With just over a month to go before the controversial waste levy takes effect in Mount Isa, Council is urging commercial operators and businesses to start separating waste loads before taking them to the Waste Management Facility.
The levy kicks in on July 1 and affects landfill operators (local councils and private businesses) who will pay the levy to the Queensland government based on the amount of waste disposed of to landfill.
The government has left it up to councils and other landfill operators to determine how the levy is passed through to customers and Mount Isa City Council Director of Compliance and Utilities Services Jake Hart said businesses should getting into the habit of separating waste loads as often as possible.
"By doing this, commercial operators may end up paying significantly less of a waste levy charge than if they brought in a mixed load," Mr Hart said.
"For instance, green waste - such as lawn clippings or tree cuttings - will attract a lower levy amount than industrial or commercial waste, or demolition and construction waste, and so should, wherever possible, be separated from these."

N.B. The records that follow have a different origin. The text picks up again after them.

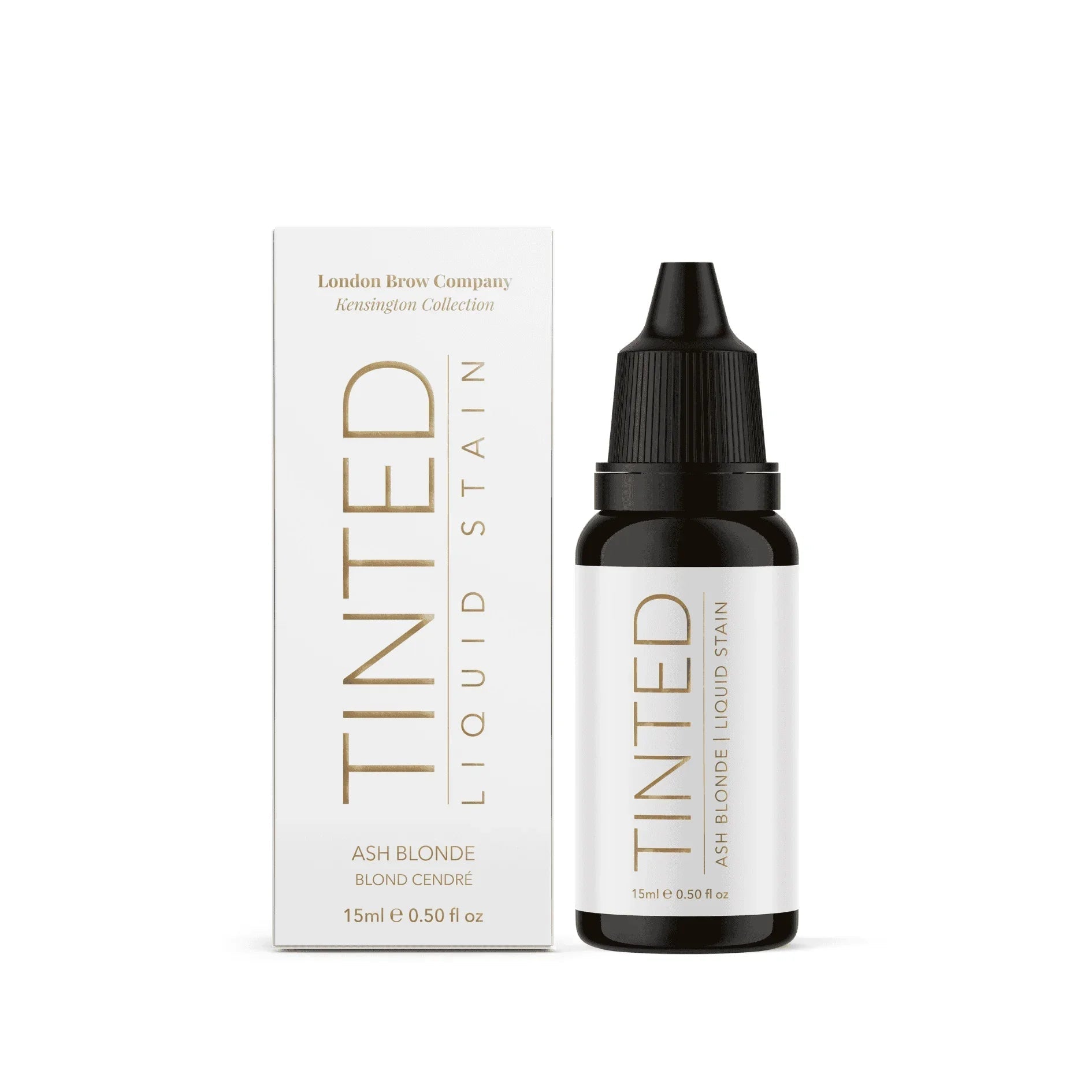 Tinted Liquid Brow Stain (15ml) - REGN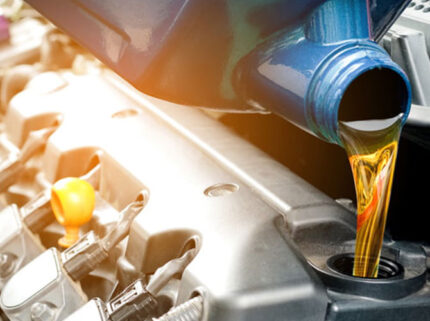 When to change your car's engine oil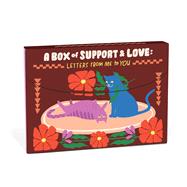 Read Me When ... A Box of Support & Love Letters from Me to You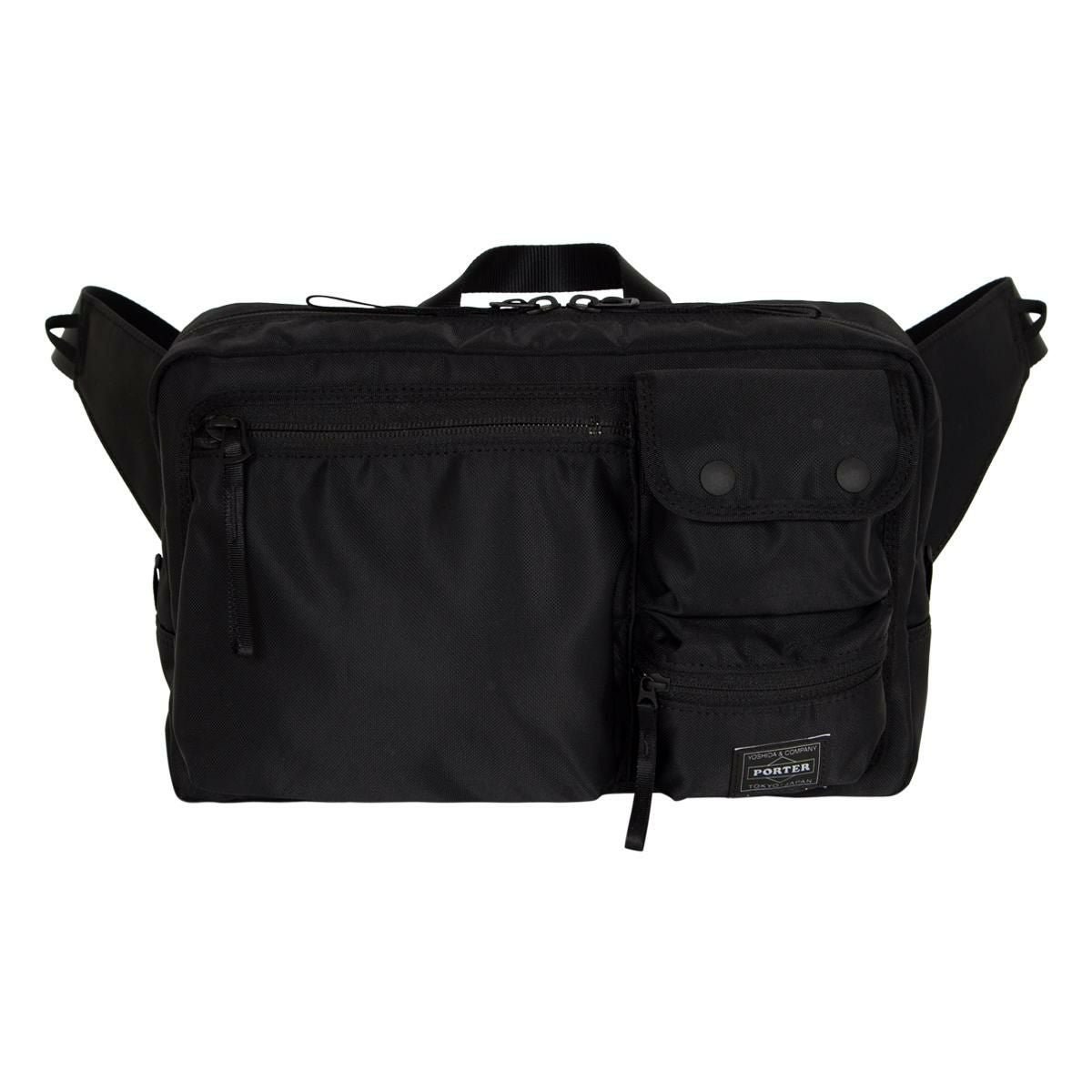 ポーター コンパート ウエストバッグ 538-16167 PORTER COMPART 吉田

Council said recyclables such as metals, e-waste, batteries and clean cardboard will not attract the Waste Levy at the facility and Mayor Joyce McCulloch said they were committed to minimise the impact of the levy.
"While the levy was forced upon this Council by the State Government, we are determined that it will not directly impact on residential ratepayers," Cr McCulloch said.
"Those who bring residential self-hauled rubbish to the facility will only have to pay the normal gate fee and nothing more."
The North West Star has asked Council for further details around what charges will be passed on to businesses from July 1.
Council unsuccessfully argued to be excluded from the levy due to the remoteness of Mount Isa and the volume of waste generated.
Environment minister Leeanne Enoch rejected criticism saying the levy was agreed with the LGAQ and Mount Isa was late in applying to the $5 million Levy Ready Grant Program.
"The Queensland Government is providing councils - like Mount Isa - with advance payments to ensure they do not have to pass on the cost to ratepayers," Ms Enoch said.
Council now says this is an ideal time for businesses to conduct clean-ups and take anything they no longer need to the tip before the levy is implemented and there was another waste amnesty weekend planned for residential rubbish on the weekend of June 1 and 2.
Rubbish accepted includes whitegoods, greenwaste, mattresses, scrap furniture, timber products, tyres (up to four per household), engine oil, batteries, rubble and general junk.
The first waste amnesty in March saw 700 locals dispose of 123 tonnes of rubbish at the facility for free.
The facility is open from 7.30am to 4.45pm, seven days a week.